Executive function, repetitive behaviour and restricted interests in neurodevelopmental disorders.

Res Dev Disabil 2022 Mar 8;122:104166. Epub 2022 Jan 8.

School of Psychology, University of Birmingham, B15 2TT, United Kingdom.

Background: Individuals with genetic syndromes show unique profiles of repetitive behaviours and restricted interests (RRBs). The executive dysfunction account of RRBs suggests that in autistic (AUT) individuals executive function impairments underpin RRBs, but not communication and social interaction autistic characteristics.

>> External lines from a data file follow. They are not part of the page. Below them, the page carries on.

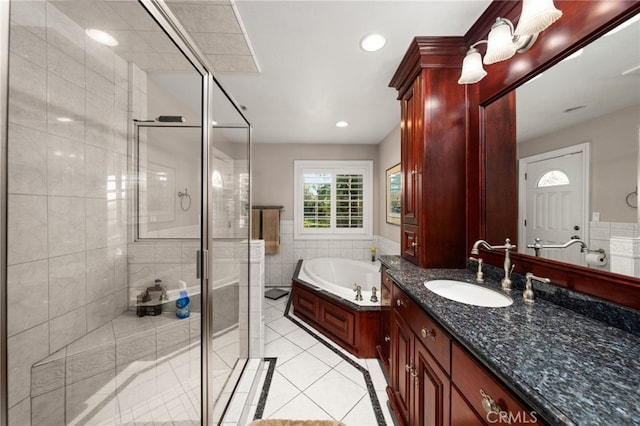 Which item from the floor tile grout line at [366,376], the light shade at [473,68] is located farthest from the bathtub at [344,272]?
the light shade at [473,68]

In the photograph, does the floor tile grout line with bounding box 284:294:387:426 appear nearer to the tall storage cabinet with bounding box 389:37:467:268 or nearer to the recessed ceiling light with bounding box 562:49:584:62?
the tall storage cabinet with bounding box 389:37:467:268

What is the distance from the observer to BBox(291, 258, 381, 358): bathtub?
78.9 inches

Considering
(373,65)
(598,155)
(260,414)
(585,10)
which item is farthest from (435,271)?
(373,65)

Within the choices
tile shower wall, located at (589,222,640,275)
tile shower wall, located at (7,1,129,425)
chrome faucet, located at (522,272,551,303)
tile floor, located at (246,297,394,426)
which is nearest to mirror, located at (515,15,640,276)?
tile shower wall, located at (589,222,640,275)

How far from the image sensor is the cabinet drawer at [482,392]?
0.53m

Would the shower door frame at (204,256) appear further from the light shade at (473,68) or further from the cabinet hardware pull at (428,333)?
the light shade at (473,68)

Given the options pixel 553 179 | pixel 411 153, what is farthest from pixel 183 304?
pixel 553 179

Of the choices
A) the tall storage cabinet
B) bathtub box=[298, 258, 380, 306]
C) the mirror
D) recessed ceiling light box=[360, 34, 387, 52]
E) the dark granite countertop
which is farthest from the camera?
bathtub box=[298, 258, 380, 306]

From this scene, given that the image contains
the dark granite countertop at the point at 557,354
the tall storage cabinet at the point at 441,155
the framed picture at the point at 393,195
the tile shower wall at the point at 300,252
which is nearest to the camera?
the dark granite countertop at the point at 557,354

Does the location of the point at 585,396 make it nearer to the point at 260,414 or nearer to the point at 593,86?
the point at 593,86

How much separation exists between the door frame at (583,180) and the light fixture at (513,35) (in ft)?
1.65

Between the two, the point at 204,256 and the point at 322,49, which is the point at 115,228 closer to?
the point at 204,256

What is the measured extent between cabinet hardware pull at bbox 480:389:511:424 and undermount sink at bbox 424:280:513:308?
545 millimetres

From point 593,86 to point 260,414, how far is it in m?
2.41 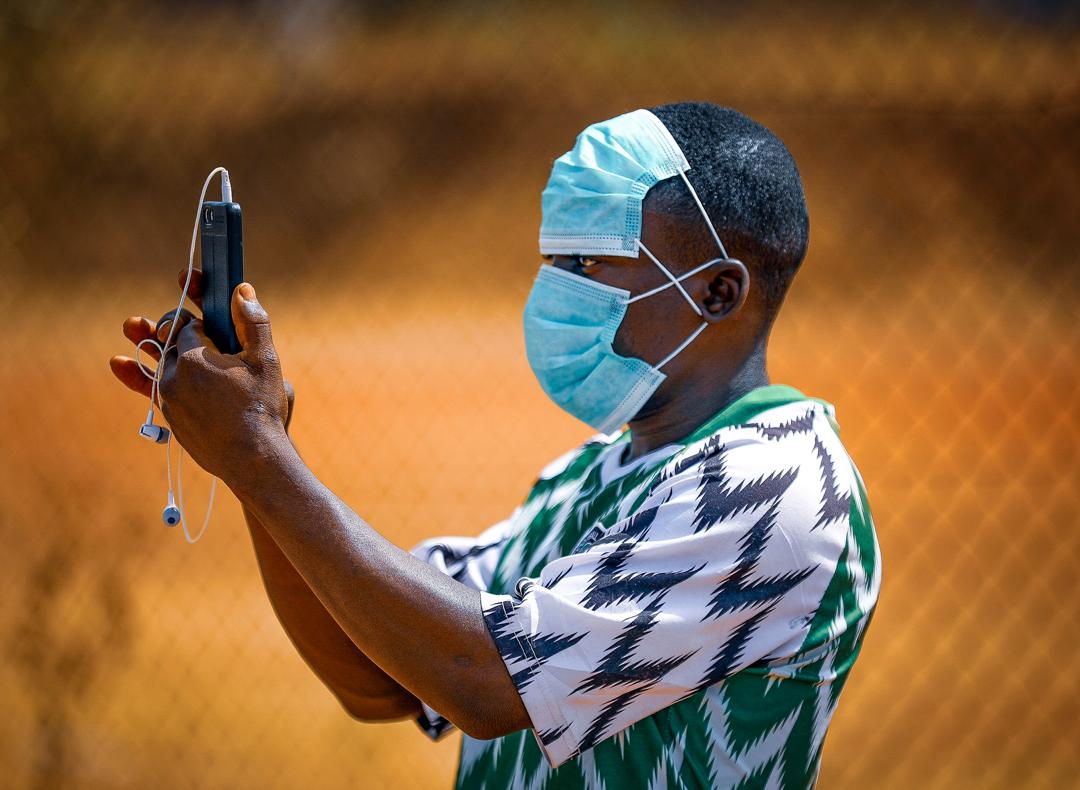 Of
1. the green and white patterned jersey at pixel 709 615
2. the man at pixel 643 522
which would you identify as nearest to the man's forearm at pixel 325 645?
the man at pixel 643 522

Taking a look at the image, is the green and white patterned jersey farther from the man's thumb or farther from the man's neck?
the man's thumb

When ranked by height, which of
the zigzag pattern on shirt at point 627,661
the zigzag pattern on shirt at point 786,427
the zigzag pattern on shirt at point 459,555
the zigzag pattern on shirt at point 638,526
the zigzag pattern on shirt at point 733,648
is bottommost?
the zigzag pattern on shirt at point 459,555

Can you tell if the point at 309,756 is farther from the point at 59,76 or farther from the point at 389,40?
the point at 389,40

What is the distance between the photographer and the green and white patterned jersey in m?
1.54

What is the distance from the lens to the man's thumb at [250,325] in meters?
1.57

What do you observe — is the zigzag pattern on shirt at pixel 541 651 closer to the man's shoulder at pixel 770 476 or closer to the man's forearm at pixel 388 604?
the man's forearm at pixel 388 604

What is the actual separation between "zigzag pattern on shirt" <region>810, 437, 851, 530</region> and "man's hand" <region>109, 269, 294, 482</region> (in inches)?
30.8

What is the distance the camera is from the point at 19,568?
4.75m

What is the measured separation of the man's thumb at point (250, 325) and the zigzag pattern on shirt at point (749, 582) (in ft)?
2.33

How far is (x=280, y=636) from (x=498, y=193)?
23.3 ft

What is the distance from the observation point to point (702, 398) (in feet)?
6.22

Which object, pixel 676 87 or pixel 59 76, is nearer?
pixel 59 76

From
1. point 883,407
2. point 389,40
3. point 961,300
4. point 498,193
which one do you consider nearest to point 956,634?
point 883,407

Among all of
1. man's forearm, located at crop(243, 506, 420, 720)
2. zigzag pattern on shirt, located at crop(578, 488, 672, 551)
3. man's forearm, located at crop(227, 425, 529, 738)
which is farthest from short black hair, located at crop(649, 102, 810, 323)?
man's forearm, located at crop(243, 506, 420, 720) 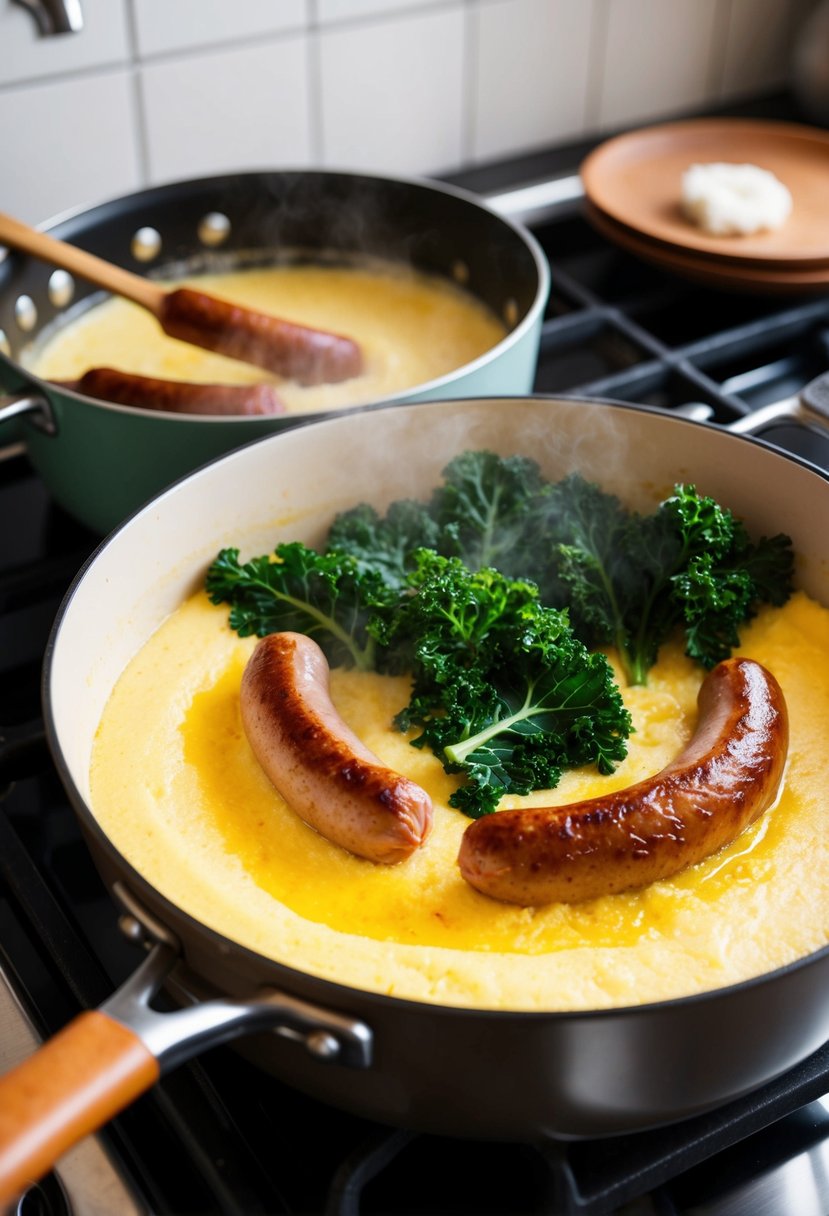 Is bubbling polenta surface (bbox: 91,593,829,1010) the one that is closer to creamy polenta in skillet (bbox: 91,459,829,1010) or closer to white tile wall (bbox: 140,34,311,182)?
creamy polenta in skillet (bbox: 91,459,829,1010)

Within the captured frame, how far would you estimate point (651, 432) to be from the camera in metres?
1.64

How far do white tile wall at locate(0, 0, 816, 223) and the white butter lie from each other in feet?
1.93

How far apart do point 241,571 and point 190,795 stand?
35 centimetres

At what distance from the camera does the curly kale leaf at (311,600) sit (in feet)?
5.09

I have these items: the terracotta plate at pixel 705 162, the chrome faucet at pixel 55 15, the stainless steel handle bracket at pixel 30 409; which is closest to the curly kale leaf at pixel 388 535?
the stainless steel handle bracket at pixel 30 409

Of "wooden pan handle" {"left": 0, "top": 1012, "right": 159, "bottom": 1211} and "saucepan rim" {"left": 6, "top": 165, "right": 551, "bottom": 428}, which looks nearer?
"wooden pan handle" {"left": 0, "top": 1012, "right": 159, "bottom": 1211}

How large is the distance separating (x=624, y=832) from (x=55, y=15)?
5.63 feet

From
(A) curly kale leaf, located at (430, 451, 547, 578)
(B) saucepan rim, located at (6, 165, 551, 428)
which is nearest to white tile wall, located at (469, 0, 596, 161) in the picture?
(B) saucepan rim, located at (6, 165, 551, 428)

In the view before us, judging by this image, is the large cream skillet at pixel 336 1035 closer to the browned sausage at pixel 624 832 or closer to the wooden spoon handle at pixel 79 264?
the browned sausage at pixel 624 832

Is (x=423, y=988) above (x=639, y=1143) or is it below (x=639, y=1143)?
above

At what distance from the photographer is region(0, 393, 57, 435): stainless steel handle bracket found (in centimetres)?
170

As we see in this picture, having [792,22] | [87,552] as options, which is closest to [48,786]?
[87,552]

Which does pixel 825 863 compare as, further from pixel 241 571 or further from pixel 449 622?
pixel 241 571

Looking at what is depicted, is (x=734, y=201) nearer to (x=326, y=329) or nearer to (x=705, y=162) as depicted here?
(x=705, y=162) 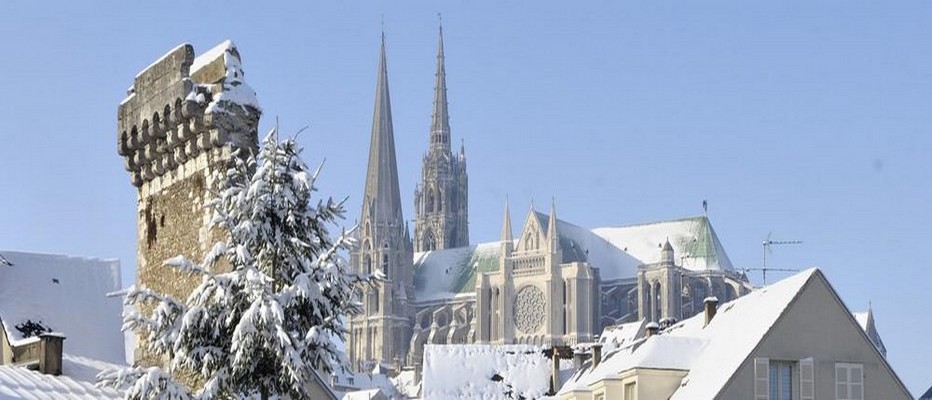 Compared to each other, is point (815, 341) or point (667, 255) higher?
point (667, 255)

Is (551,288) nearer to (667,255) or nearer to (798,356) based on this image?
(667,255)

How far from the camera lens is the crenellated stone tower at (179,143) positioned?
15867 millimetres

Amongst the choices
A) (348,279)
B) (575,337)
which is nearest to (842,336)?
(348,279)

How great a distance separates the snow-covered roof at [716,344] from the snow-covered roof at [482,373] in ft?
27.2

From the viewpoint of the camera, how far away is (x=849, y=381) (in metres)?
29.6

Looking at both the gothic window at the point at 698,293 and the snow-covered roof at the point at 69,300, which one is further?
the gothic window at the point at 698,293

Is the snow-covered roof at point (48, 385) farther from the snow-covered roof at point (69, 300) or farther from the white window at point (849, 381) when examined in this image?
the white window at point (849, 381)

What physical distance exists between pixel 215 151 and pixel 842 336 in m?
16.2

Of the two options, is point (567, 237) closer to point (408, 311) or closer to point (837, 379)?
point (408, 311)

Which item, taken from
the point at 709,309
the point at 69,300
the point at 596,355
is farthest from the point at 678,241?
the point at 69,300

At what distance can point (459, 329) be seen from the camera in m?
191

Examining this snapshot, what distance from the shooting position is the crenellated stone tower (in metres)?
15.9

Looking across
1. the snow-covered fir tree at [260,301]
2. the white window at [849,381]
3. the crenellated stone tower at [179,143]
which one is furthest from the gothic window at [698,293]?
the snow-covered fir tree at [260,301]

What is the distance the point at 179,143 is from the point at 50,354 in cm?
438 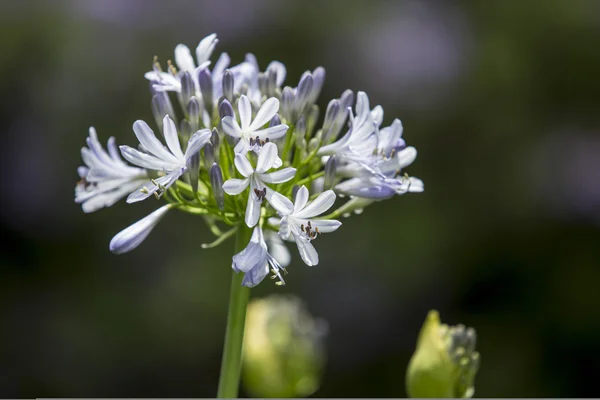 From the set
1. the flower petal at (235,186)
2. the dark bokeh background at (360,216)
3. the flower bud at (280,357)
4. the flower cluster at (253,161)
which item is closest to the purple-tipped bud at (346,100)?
the flower cluster at (253,161)

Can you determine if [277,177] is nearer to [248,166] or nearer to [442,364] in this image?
[248,166]

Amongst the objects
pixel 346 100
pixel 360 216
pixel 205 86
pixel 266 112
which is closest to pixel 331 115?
pixel 346 100

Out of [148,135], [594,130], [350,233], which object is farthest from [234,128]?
[594,130]

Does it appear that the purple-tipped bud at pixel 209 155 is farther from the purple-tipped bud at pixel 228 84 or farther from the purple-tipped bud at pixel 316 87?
the purple-tipped bud at pixel 316 87

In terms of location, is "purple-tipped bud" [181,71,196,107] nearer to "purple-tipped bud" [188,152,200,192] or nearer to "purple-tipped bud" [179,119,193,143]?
"purple-tipped bud" [179,119,193,143]

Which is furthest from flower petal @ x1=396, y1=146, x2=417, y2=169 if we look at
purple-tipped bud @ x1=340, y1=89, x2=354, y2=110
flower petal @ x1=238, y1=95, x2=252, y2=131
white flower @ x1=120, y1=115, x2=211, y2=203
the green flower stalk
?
white flower @ x1=120, y1=115, x2=211, y2=203

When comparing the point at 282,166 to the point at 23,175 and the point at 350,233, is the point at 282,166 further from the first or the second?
the point at 23,175

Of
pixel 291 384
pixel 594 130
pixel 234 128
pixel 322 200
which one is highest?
pixel 594 130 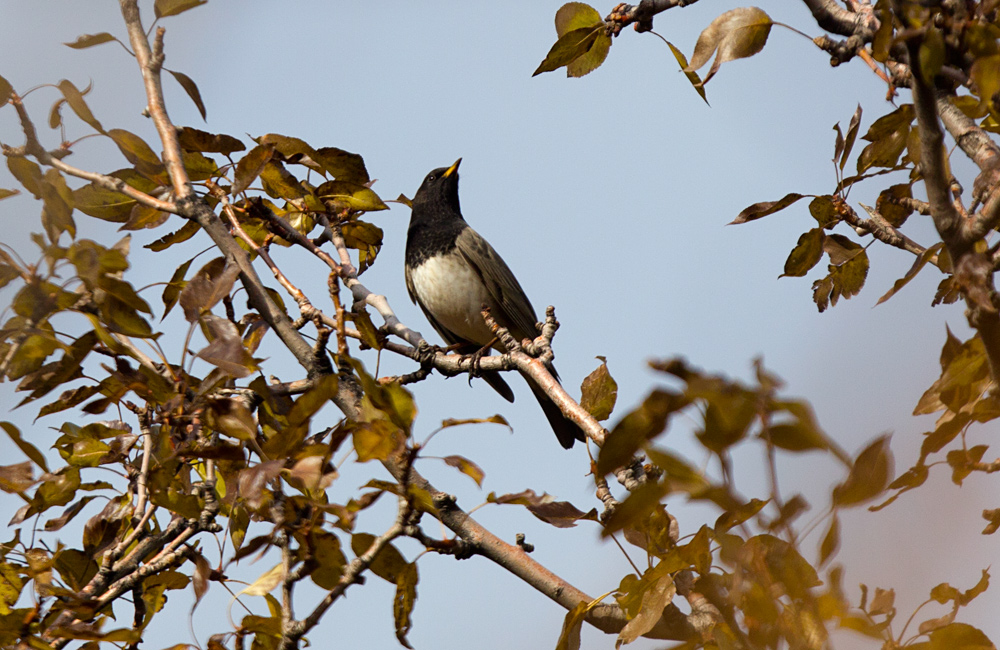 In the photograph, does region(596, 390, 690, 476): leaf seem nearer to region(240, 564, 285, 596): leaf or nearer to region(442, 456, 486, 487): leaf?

Aims: To 1) describe profiles of behavioural manifestations of executive function (EF behaviours) and 2) explore the relationship between EF behaviours and autistic traits across individuals with Cornelia de Lange (CdLS), fragile X (FXS) and Rubinstein-Taybi syndromes (RTS), and AUT individuals.

Method: Carers completed the Behavior Rating Inventory of Executive Function - Preschool Version and the Social Communication Questionnaire. Data reporting on 25 individuals with CdLS (Mage = 18.60, SD = 8.94), 25 with FXS (Mage = 18.48, SD = 8.80), 25 with RTS (Mage = 18.60, SD = 8.65) and 25 AUT individuals (Mage = 18.52, SD = 8.65) matched on chronological age and adaptive ability were included in analyses.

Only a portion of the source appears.